The age of neoliberalism in economics and politics has coincided with a great deal of public and academic discussion of human rights in China and America and much of the rest of the world. There are at least two obvious explanations of this coincidence. Depending largely upon one's place within the new world order, one might say either that as economic and political liberalism displace tyranny and authoritarianism, along come human rights and the necessary discussion of and struggle for the same. Or, if one is already in an advanced economy with a form of parliamentary democracy and looking abroad, one could offer a causal explanation for this coincidence: first come the dislocations and abuses of neoliberal policies and practices and then come assertions of natural human rights in the face of pain and abuse. There is a great deal of force to these accounts, but they leave a great deal to consider.

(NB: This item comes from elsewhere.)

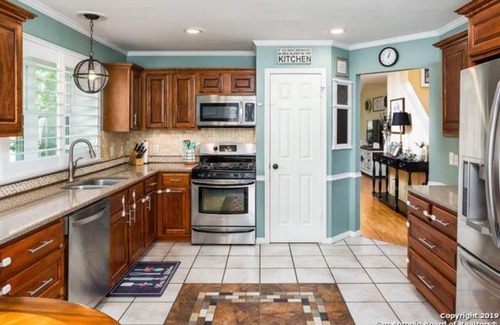 Live Oak House | Disinfected CLEAN for perfect San Antonio getaway!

This essay argues that during the Clinton administration especially the U.S. government developed an intense interest in the rhetoric and ideology of human rights as part and parcel of the U.S. desire to establish neoliberal economic dominance across as much of the world as possible. Human rights talk functioned as part of the U.S. effort to extend a liberal market across the globe, especially in China, justifying that expansion, in large part, with the promise that markets will provide the economic freedom from which rights must follow--a promise resting itself on an assertion that the market's proper pure function requires liberal political arrangements such as constitutions and legal systems in which human rights can find a protected home. In essence, the Clinton administration's global policies made an economic political weapon of human rights talk to serve the U.S. ambition of global hegemony.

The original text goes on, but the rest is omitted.